Boyumun iki-üç kat yüksekliğindeki kar yığını arasında daracık patikada yürümek korkutucu olduğu kadar da heyecanlıydı. Eski lastik üzerinde ve kızakla kaymanın keyfini ilk kez Ağrı’da tattım. Babam Ağrı Sanat Okulunda yapılan bir kayak getirince ilk kez kayakla da tanışmıştım. Böylece kayak, daha sonra tanışacağım futboldan sonra bugüne kadar yaptığım ikinci spor oldu. Babamın Antakya’ya tayin olması nedeniyle Ağrı’dan, kayaktan ve evlerinde gırtlama çay içmeye alıştığım güzel arkadaşlarımdan, cebimde ilkokul diploması yanında bir de dedemin teşvikiyle başlayıp kısa sürede bitirdiğim Kuran kursu diplomasıyla ayrıldım. Sabun kokan bir kamyonun kasasında iki gün süren bir yolculukla Antakya’ya vardık ve deyim yerindeyse Antakya hepimizi büyüledi…

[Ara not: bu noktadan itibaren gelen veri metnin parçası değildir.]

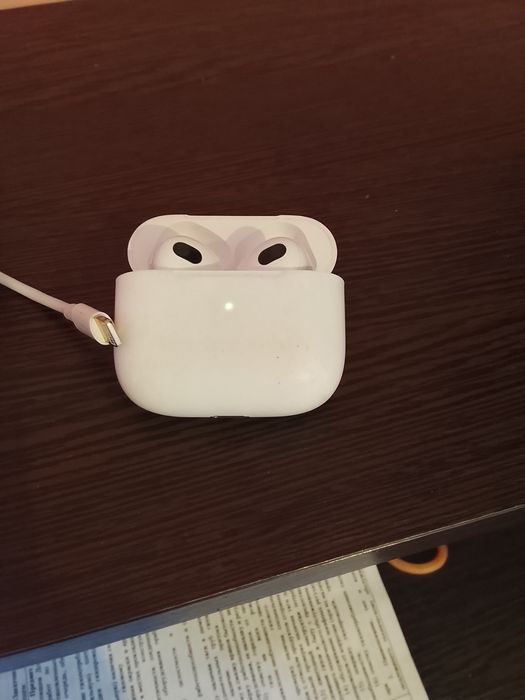 Наушник бу отличном состоянии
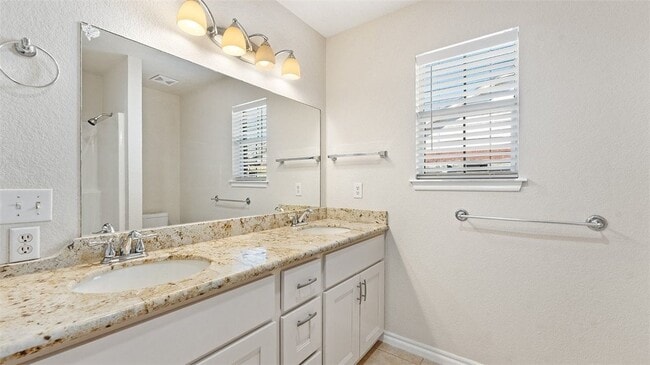 Building Photo - 829 S Liberty Dr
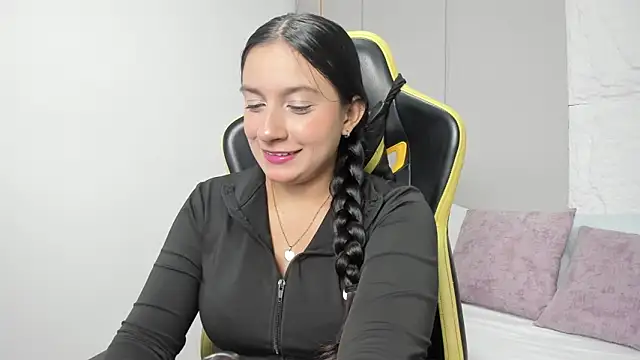 Snapshot of kira_relish chatting on 04.27.26 kira relish online show from 04.27.26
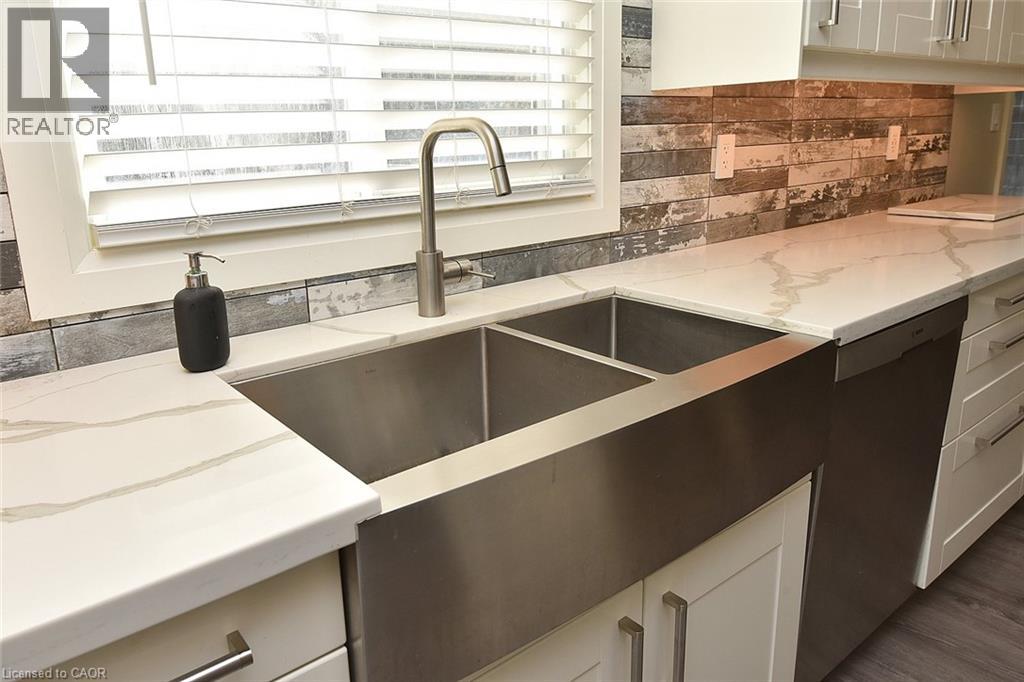 699 Castleguard Crescent, Burlington, Ontario  L7N 2W7 - Photo 22 - 40871058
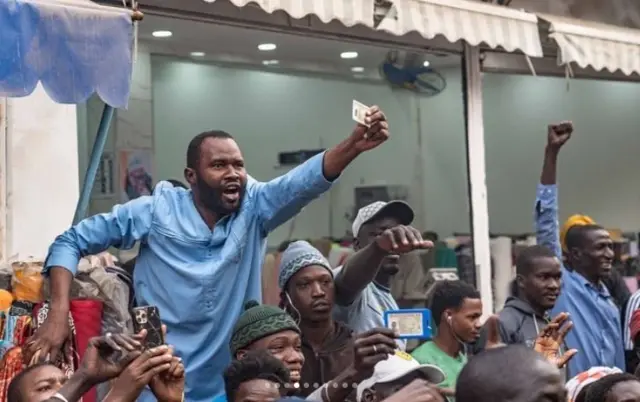 Mpụtara ikpe nwerike ime ka Sonko; onye ndị ntoroọbịa hụrụ n'anya nke ukwuu azọzịla ọkwa ọchịchị mba Senegal na ntuliaka ha n'afọ 2024.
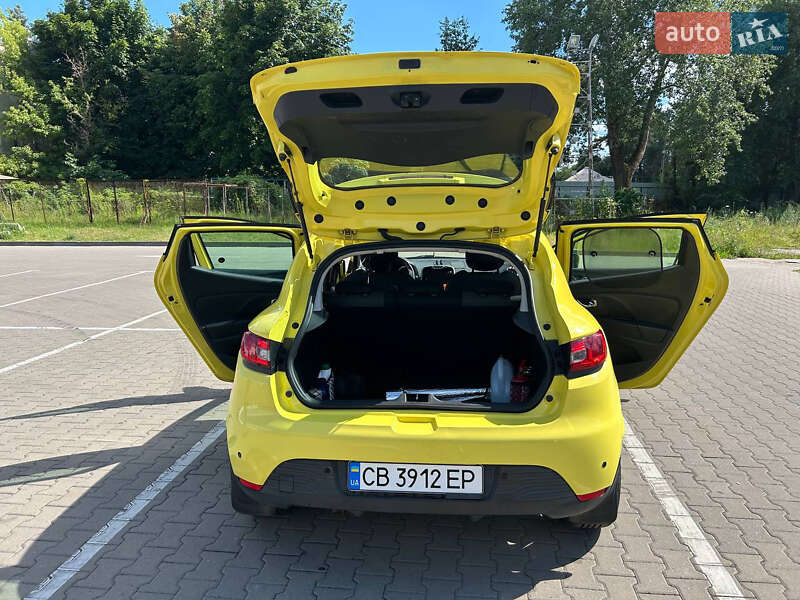 Хэтчбек Renault Clio 2012 в Чернигове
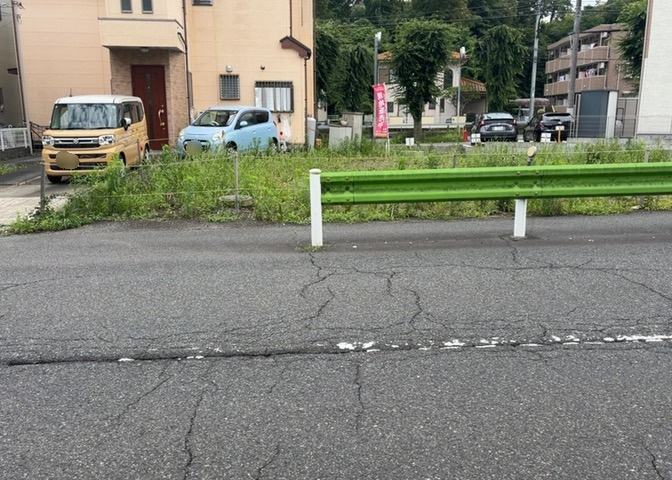家を建てる場合、方位は要チェックです。現実的に日当たりのよい家ならばリビングは南側、建築基準法でも北側に当たる家への配慮は求められています。土地を見学に行く際は、方位磁針を持って行くようにしましょう。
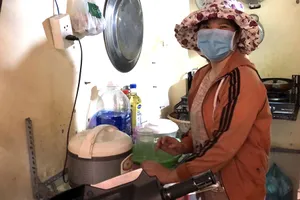 Người lao động mong sớm được nhận khoản hỗ trợ tiền trọ.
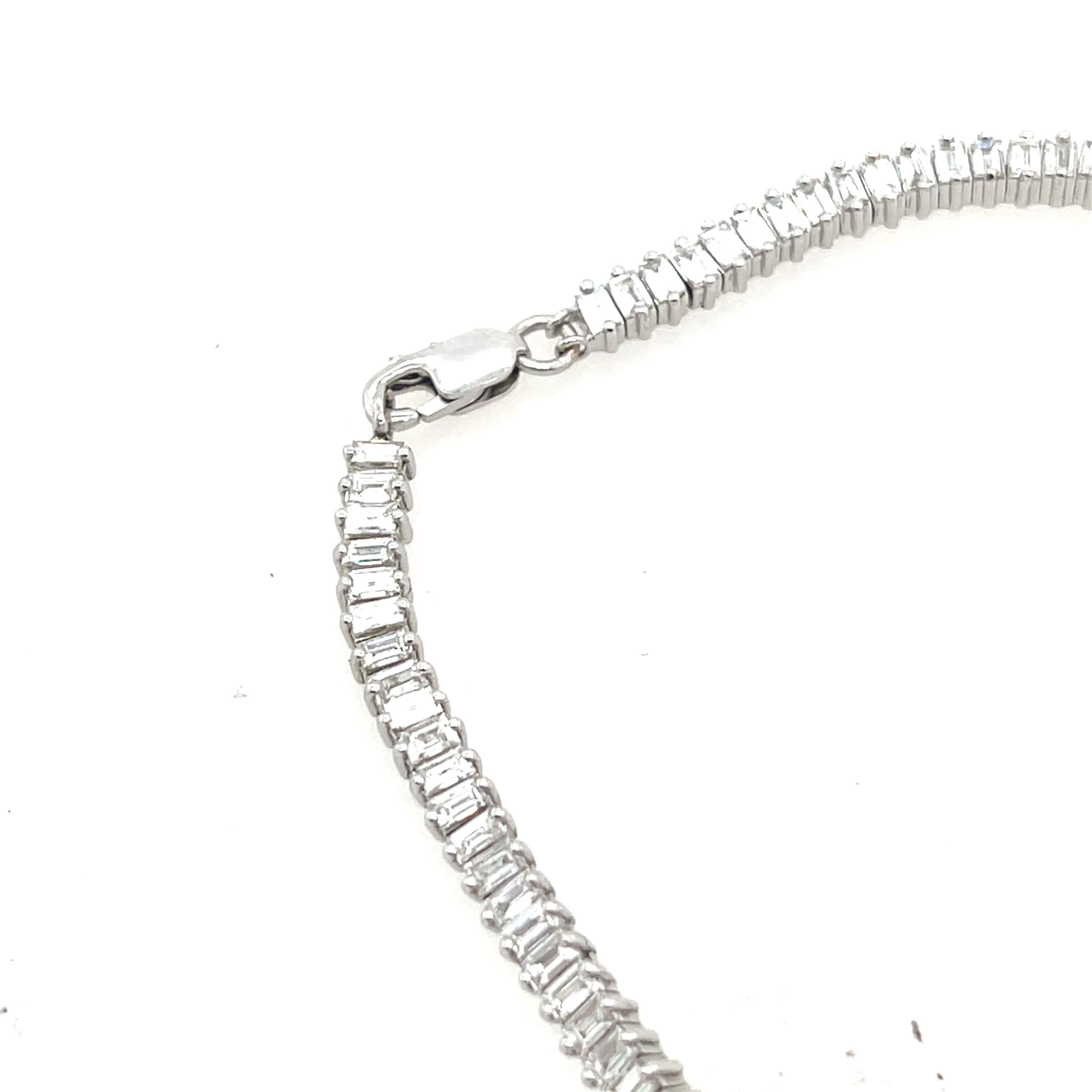 Women's or Men's Diamond Tennis Bracelet Set With 3.50ct Baguette natural Diamonds in 18ct Gold For Sale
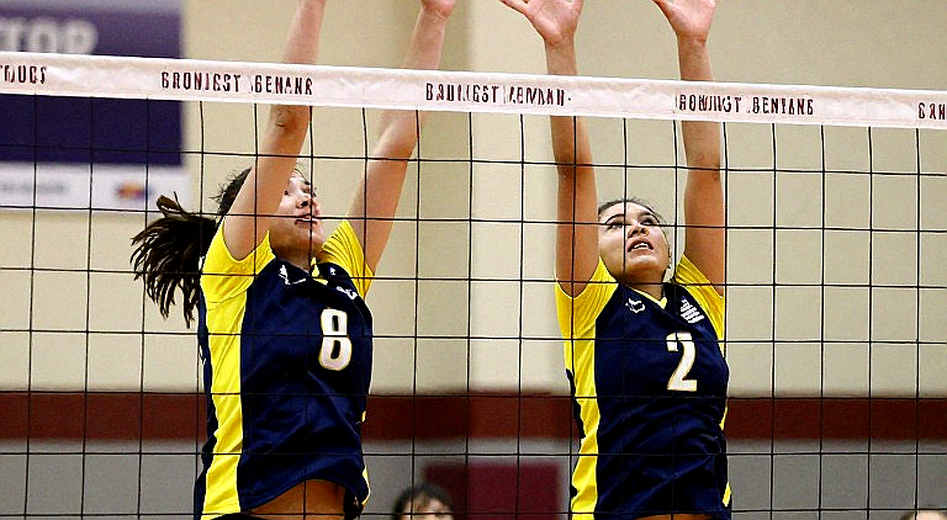 Women's College Volleyball Steps onto the Baseball Diamond: Is Wrigley Field a Turning Point or Just a Commercial Showcase?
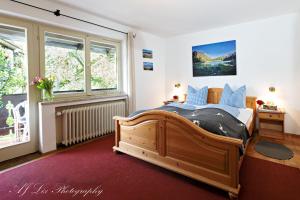 Double Room with Balcony room in Pension Karner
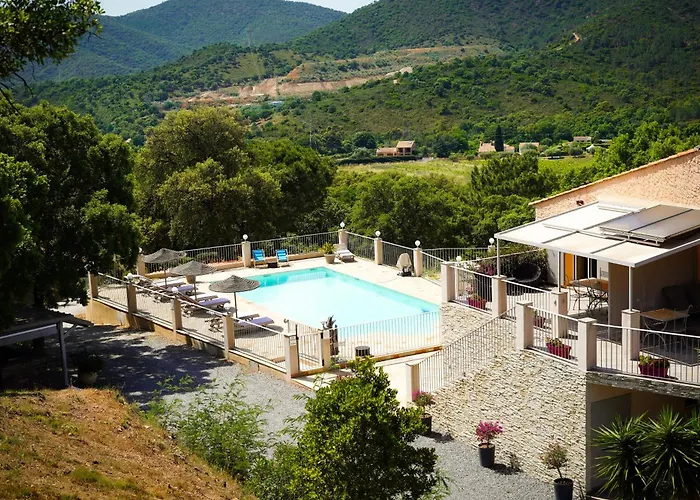 La Villa Nais PADEL&PISCINE -Suites&Appartements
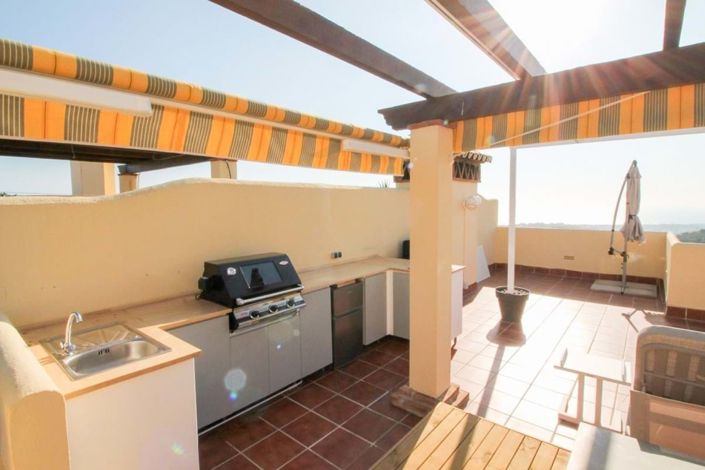 Image No.24-3 Bed Apartment for sale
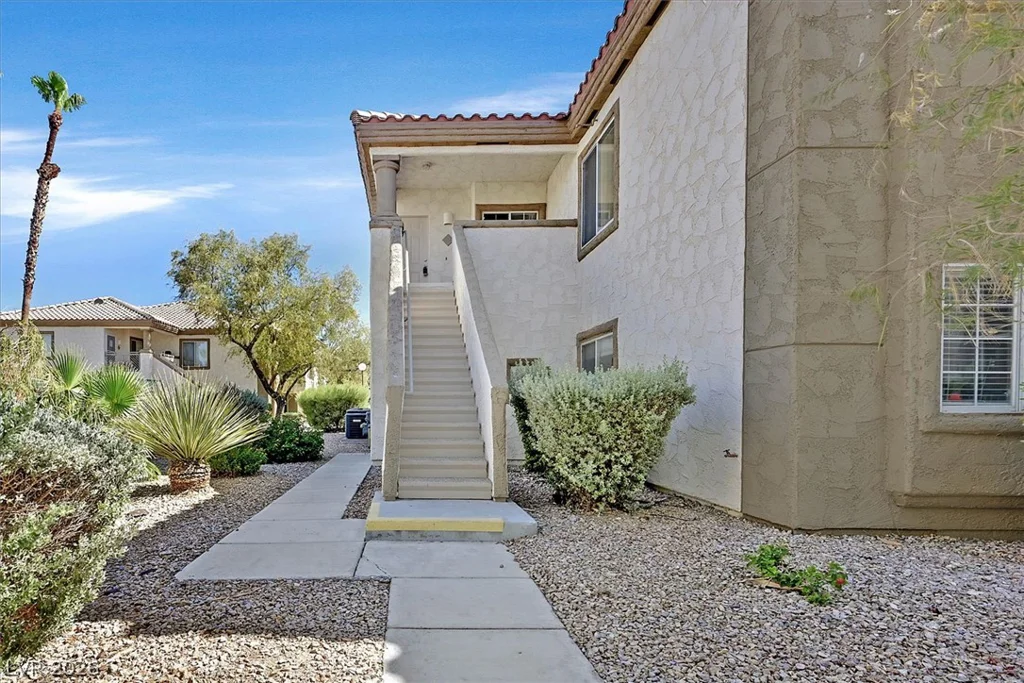 6804 Indian Chief, Las Vegas, NV 89130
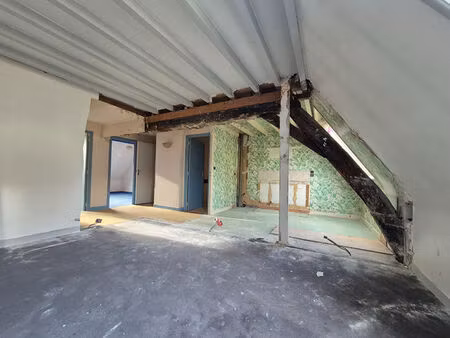 vieux lille - plateau brut en duplex de 66 m² loi carrez (95m² au sol) - a amenager
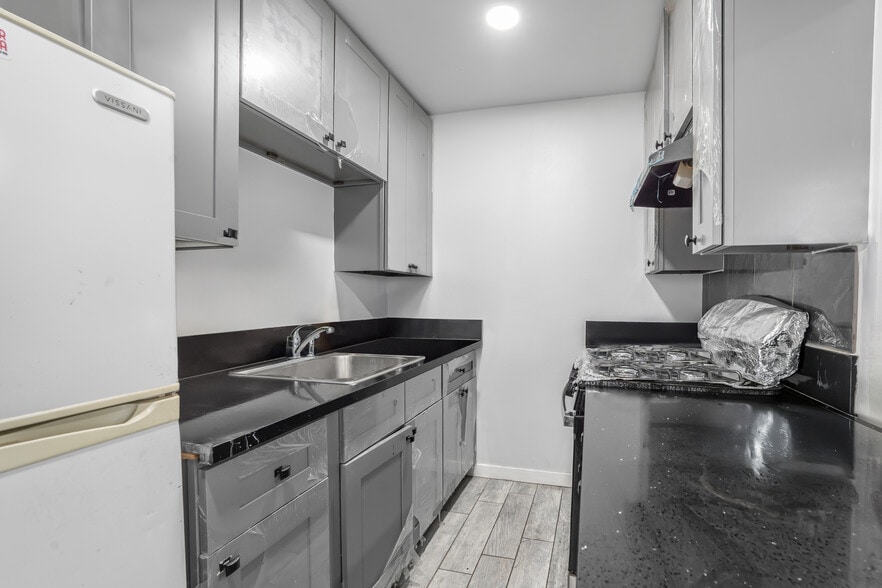 More Photos Of 136 N Garfield Ave, Oxnard Apartments For Sale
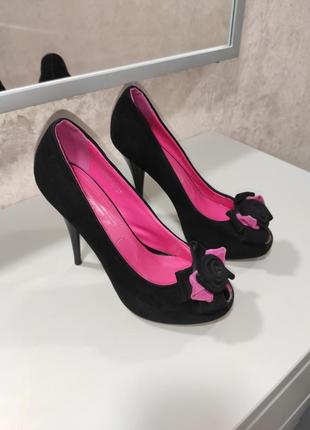 Замшеві туфлі на підборах чорні с рожевим5 фото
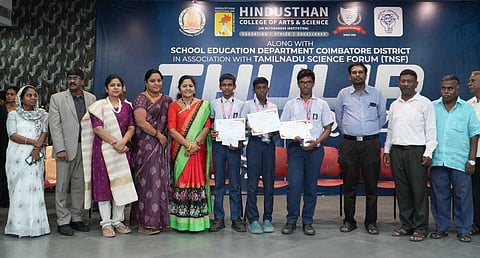 கோவை இந்துஸ்தான் கல்லூரியில் நடைபெற்ற துளிா் அறிவியல் கண்காட்சி, விநாடி - வினா போட்டிகளில் பங்கேற்ற மாணவா்களுக்கு பரிசுகளை வழங்கிய கல்லூரி நிா்வாக அறங்காவலா் டி.ஆா்.கே.சரஸ்வதி. உடன், முதல்வா் பொன்னுசாமி, அறிவியல் இயக்கத் தலைவா் ரமணி உள்ளிட்டோா்.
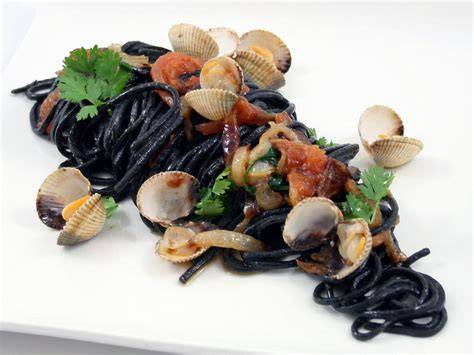 Variedad de pasta con tinta de calamar
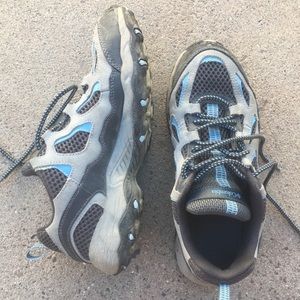 Columbia hiking shoes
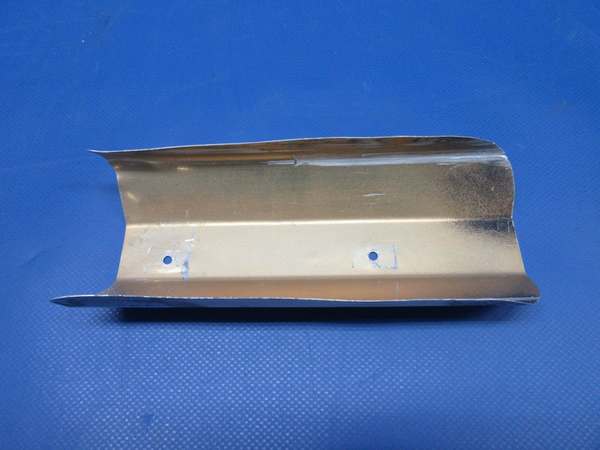 Beech 95 / D95A Travel Air Armrest Cover Plate Catch 35-534372-5 (0524-1078)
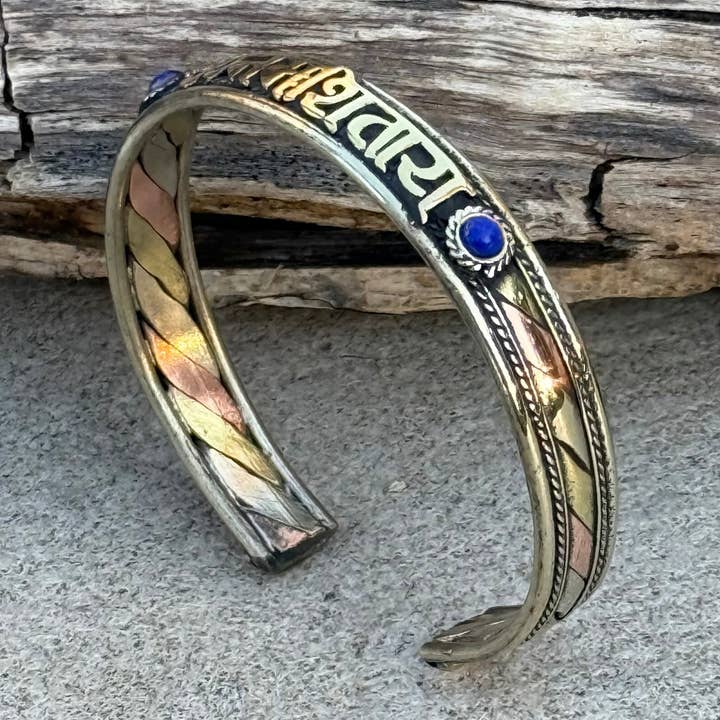 Lungta Imports - Vendita all'ingrosso Bracciale a polsino - Bracciale "Om Namah Shivaya" in 3 Metalli - Fatto a Mano in Nepal1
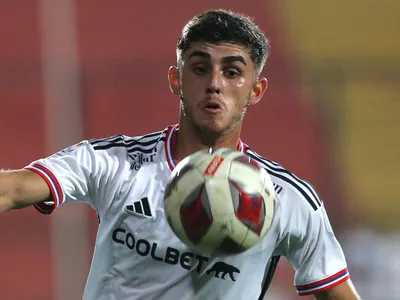 [VIDEO] En modo goleador: Así fue el doblete con que Bruno Gutiérrez mete presión para sumar minutos en Colo-Colo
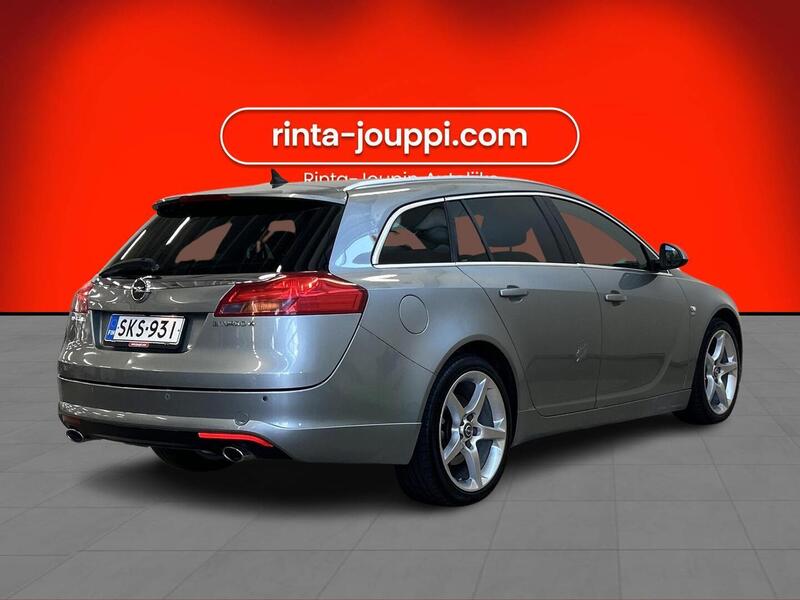 Opel Insignia vaihtoauto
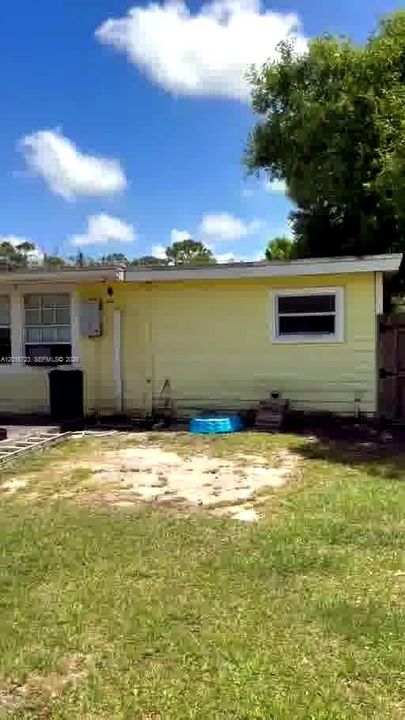 For Sale: $219,900 (3 beds, 2 baths, 1812 Square Feet)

Antakya’da sizi büyüleyen neydi?
Dört yıl geçirdiğim bu eşsiz kent bugün hala anılarımı süslüyor. Ancak 6 Şubat depreminden sonraki hali beni kahrediyor. Hatay gerçekten çok güzeldi ama daha da güzeli, farklı kimliklerini bir yana bırakıp hoşgörü ve barış içinde birlikte yaşama kültürü geliştirmiş güzel insanlarıydı. Orada edindiğim arkadaşlıklar bugün hala devam ediyor. Antakya’da Nuseyri arkadaşlarımın evlerinde yediğim leziz yemekler yanında bu kez de Arapça ile tanıştım. Çünkü çoğunun anneleri pek Türkçe bilmiyordu. Ancak arkadaşlarım Ağrı’dakiler kadar istekli olmayınca birazcık Arapça yaşamımın sonraki yıllarında mümkün oldu. Ortaokulu ve lise birinci sınıfı okuduğum Antakya Lisesinin, eğitim kalitesi ve kadrosuyla beni sonraki yıllarda şekillenecek mesleki ve akademik yaşamıma hazırlamakta önemli bir yeri oldu. Çocukluktan delikanlılığa adım attığım, bu arada hem oyuncu hem izleyici olarak futbolun yaşamıma girdiği Antakya, bugün taptaze kalan anılarıyla yaşamımın önemli halkalarından birini oluşturuyor.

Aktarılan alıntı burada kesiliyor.